Cooling NAFTA risks will help support the Canadian currency says one of Canada's leading lenders.
The outlook for the Canadian Dollar is not as negative as previously thought, say Toronto-based CIBC Capital Markets, who have revised their forecasts for the currency higher as a result.
The main factor to have changed is that the risk of the US unilaterally walking away from the NAFTA free trade agreement is now not as great it was before.
That and the recent broad-based sell-off in the US Dollar have lightened their CAD forecast which still anticipates a decline in the currency from current levels.
"That quick USD plunge, and prospects that NAFTA talks will drag on rather than see the US abruptly pull out, have us projecting a bit less of a C$ depreciation ahead," says a note from the CIBC economics team.
CIBC Economist Royce Mendes now thinks the Bank of Canada (BOC) will raise interest rates only once, by 0.25%, to 1.50% in 2018, as NAFTA uncertainties - although more muted than before - weigh.
This is less than market expectations (see below).
The recent rise in the Canadian Dollar versus the US Dollar is also in itself likely to deter the BOC from raising interest rates because it has impacted negatively on exporters and will dampen inflation by making imports relatively cheaper.

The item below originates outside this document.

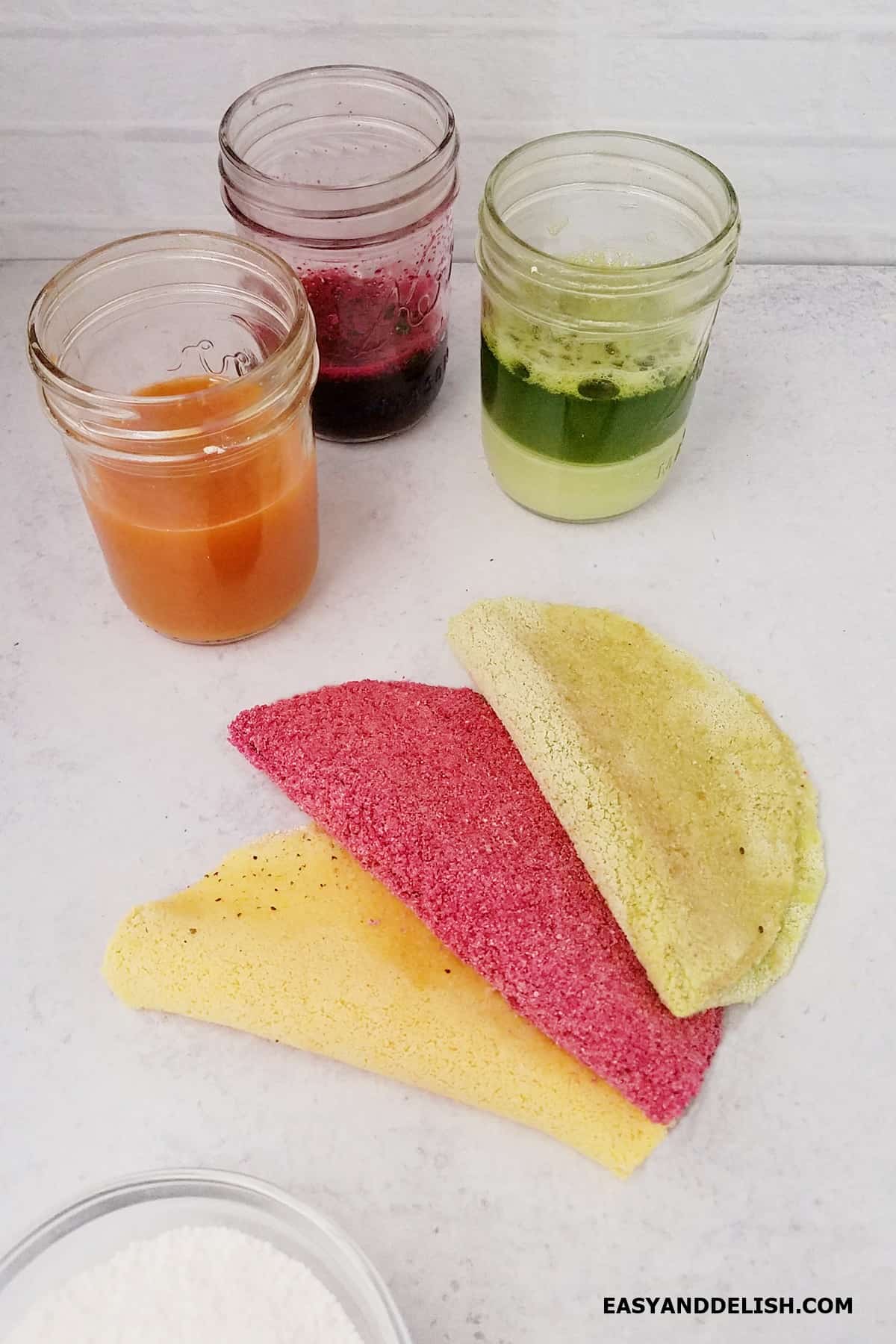 Three flavors of vegetable juices in jars and prepared Brazilian tapioca crepes nearby on a surface.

"The recent Canadian Dollar move is in itself also a tightening in monetary conditions, one hitting exporters at a time when US tax and regulatory policies are causing the corporate sector to have second thoughts about expanding in Canada rather than in the US," says Mendes.
One thing which has supported the Canadian Dollar recently is higher oil prices, however, this is not likely to last.
With prices now above the breakeven rate for US shale oil producers they should crank up their production significantly and this will start to have a depressive effect on prices.
CIBC now forecast the US-to-Canadian Dollar exchange rate rising to a peak of 1.32 in Q3 before falling back down to 1.28 in 2019.
For the Pound-to-Canadian Dollar, they see a pretty much steady rise from the current 1.74 to 1.89 by Q2 2019.